Not many people in Russia know that yet, even though 300 million readers speaking 80 different languages have read with glee the adventures of those two Gauls — Asterix and Obelix — and their plucky village that holds out against the mighty Roman empire in 50 B.C.

French publisher Emmanuel Durand intends to change all that. He recently published a Russian-language version of "Asterix and the Goths" in the hope that not only will Russians be enchanted by the tales of Asterix and Obelix but, perhaps, a comics culture can take root in a land that has so few comics that the Asterix translators had to make up their own versions of KAPOW!, WHAM! and BAM!

"There's no culture in Russia of comics," said Durand, sitting in the office of his bookshop and publisher, Pangloss, "I don't know if people will buy it."

"Asterix and the Goths," or "Asteriks i Goty" in Russian, started selling in Moscow for 70 rubles ($2.50) this month.

Durand is so hopeful that Russians will enjoy the misadventures of the wise-cracking duo that he already plans to publish five more of the comic books penned by Rene Goscinny and Albert Uderzo by the end of the year.

Asterix's first adventure was published in 1959 in the French comic journal Pilote. Scripted by Goscinny and drawn by Uderzo, it quickly became a national and international success, and generations have grown up on what grew to be 31 comic books.

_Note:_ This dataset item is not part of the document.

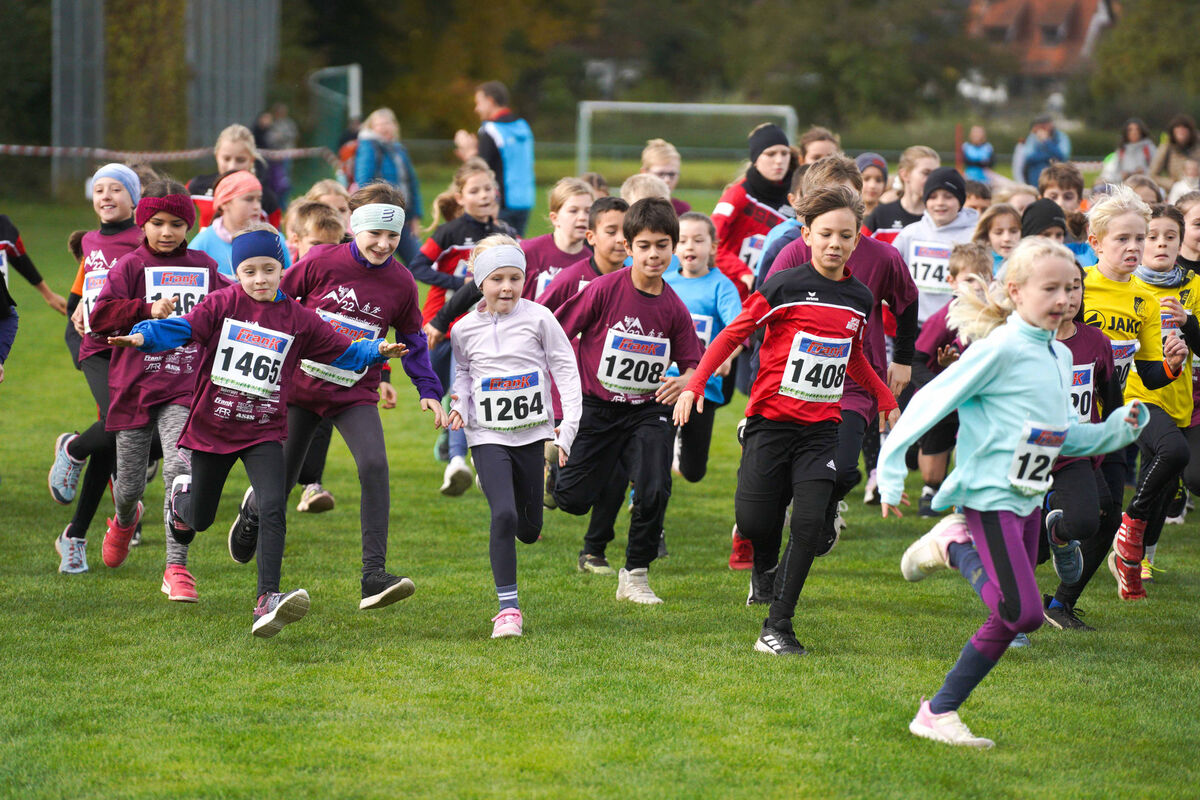 333 - PfLauf_Nachm-221.jpg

The adventures follow Asterix, the smart, if short, Gaul who gets super-strength by drinking a potion made by the village druid, Getafix, and his trusted friend Obelix, a jolly, obese giant, who is the heart and soul of the books. Fixated on eating boars, making menhirs and bashing as many Romans as he can, Obelix has had superhuman strength ever since he fell into a cauldron of magic potion as a child.

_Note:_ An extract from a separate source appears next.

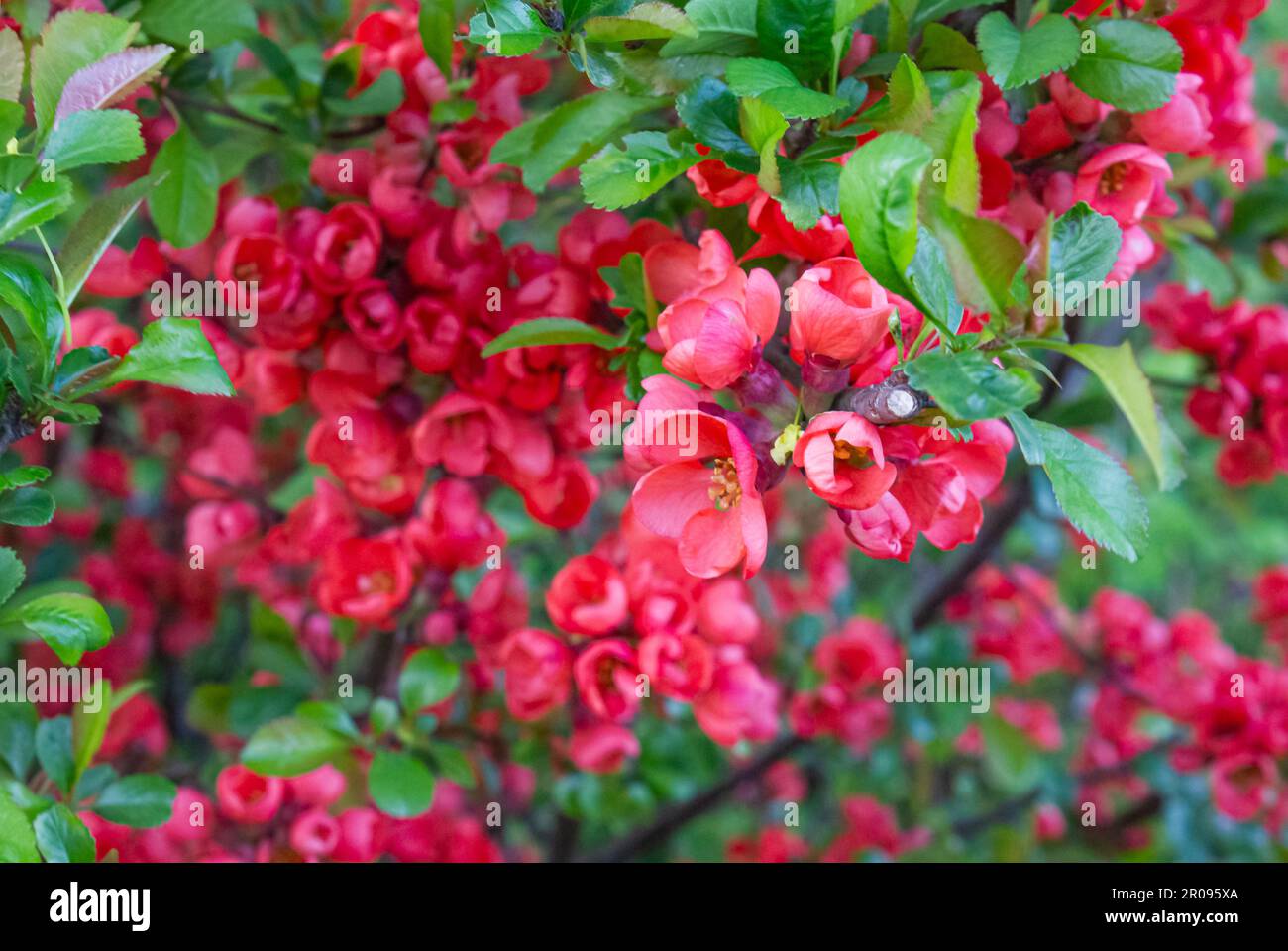 Chaenomeles, Nahaufnahme japanischer Quittenblüten, rosa Knospen blühender Pflanzen der Familie Rosaceae. Chaenomeles speciosa, Sträucher, Baum, wächst in Stockfoto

Although set in 50 B.C., the books have always mixed old and modern humor. The Romans often speak in Latin, mixing quotes from Horace and Cicero with phrases like "Credo Elvem ipsum etian vivere," or "I think that Elvis is still alive," and "Facut nemo me vocet," or "Hold my calls." Many of the comics poke fun at modern French society.

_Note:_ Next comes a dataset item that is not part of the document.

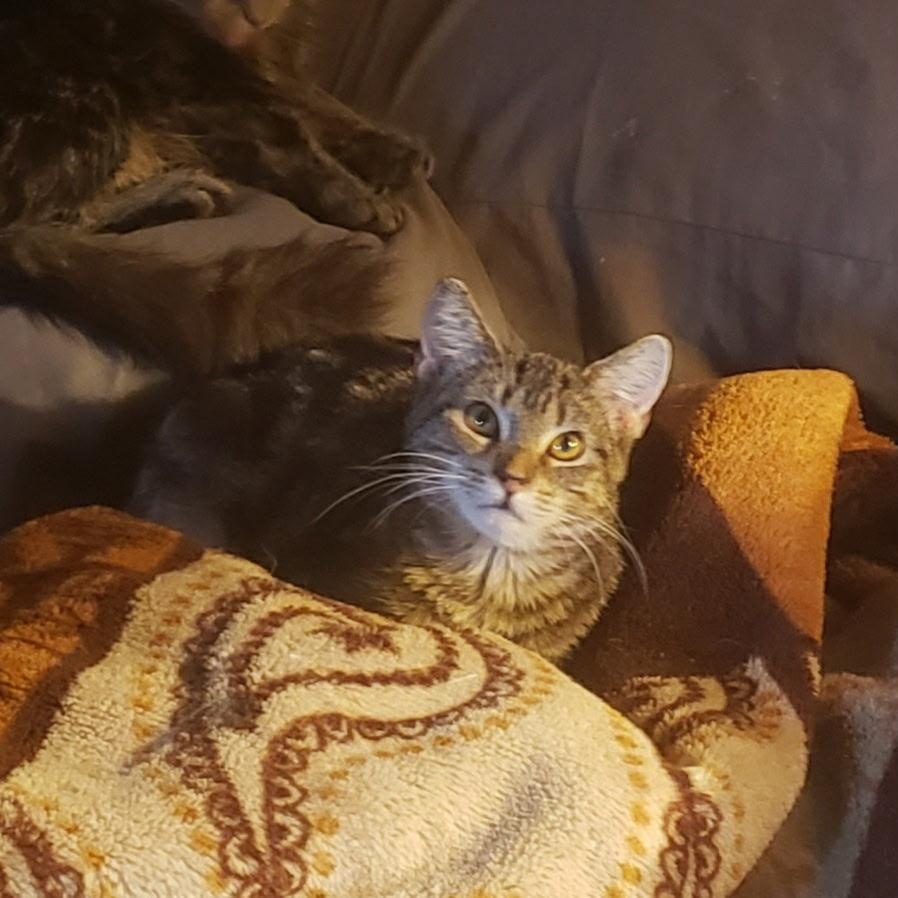 Enlarge Wanda (bonded with brother Watson), a Adoptable Domestic Short Hair in Cortland, NY image 1/2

Surrounding Asterix and Obelix are characters whose names tell their own stories, such as the bard of the village, Cacophonix, whose off-tone singing is feared by all, and the village chief, Vitalstatistix.

"Every name in Asterix is a joke," said one of the translators, Nadezhda Butman.

Adapting the books into Russian has been a challenge for translators Butman and Mikhail Khachaturov. But they both had the advantage of translating various Asterix books from French many years before — Butman for her children and Khachaturov for himself for fun.

Butman, a French teacher at Moscow State University, even used the books to help teach basic commerce, using descriptions of trading in the books.

Many of the names had to be changed to suit the Russian ear. The Gaul chief was named Avtoritariks, compared to Vitalstatistix in English and Abraracourix in the original French. The village bard became Conservatoriks.

Apart from the natural problems of wordplay, another difficulty in translating came in choosing words that would fit into the bubbles, said Khachaturov. Russian words tend to be much longer than French and English ones.

The translators also had to find noises of a Roman being bashed about. SHLYOP! and SHBLYAMS! are Khachaturov's picks, while BA-BAKH, a favorite of Butman's, will appear in the future books.

The most difficult task was bridging the many cultural differences. Asterix books are filled with cultural allusions to life in modern France, such as complaints about traffic jams in August. The books touch on very different Frances, since they were published from the 1960s through the 1990s.

Whether the initial book will be a success remains to be seen. Comics have never been popular in Russia or the Soviet Union, a phenomenon Durand could not explain.

"They are good illustrators, scenarists. I don't understand," said Durand. "Maybe comics were bourgeois."

Even now, while comics are respected by all age groups in France, many Russians dismiss them as books just for children. Inside the Russian "Asterix and the Goths" is a note that pointedly states the book "will be interesting not only for children but for adults who can fully understand humor."

But Durand does have some cause to believe Russians will buy the book. He made up his mind to publish the book after hearing that the French film "Asterix the Gaul" starring Gerard Depardieu as Obelix was watched by more than 120,000 people in Moscow. "It's good that people already know," said Durand, who personally didn't like the film.

His only worry is that some readers may be disappointed when they see the Uderzo drawings rather than Depardieu in the book. "[They'll say] he's a bad artist. That's not Depardieu," he joked.

Pangloss, which has only recently begun publishing, could not afford to buy the rights for Asterix in Russia and the publishers only got the rights after Durand met with Uderzo in Paris.

Uderzo, who took over the scripting of the books after his partner Goscinny died in 1977, told Durand that one of his dreams was to publish in Russia and agreed to let Pangloss have the rights at a cheaper price.

Six more Asterix books have been translated, and Pangloss plans to publish them by December.

Meanwhile, Butman is working on "Asterix in Britain" and the tricky task of getting the Britons to speak Russian with a slight English accent.

"We have some ideas," said Butman with a smile.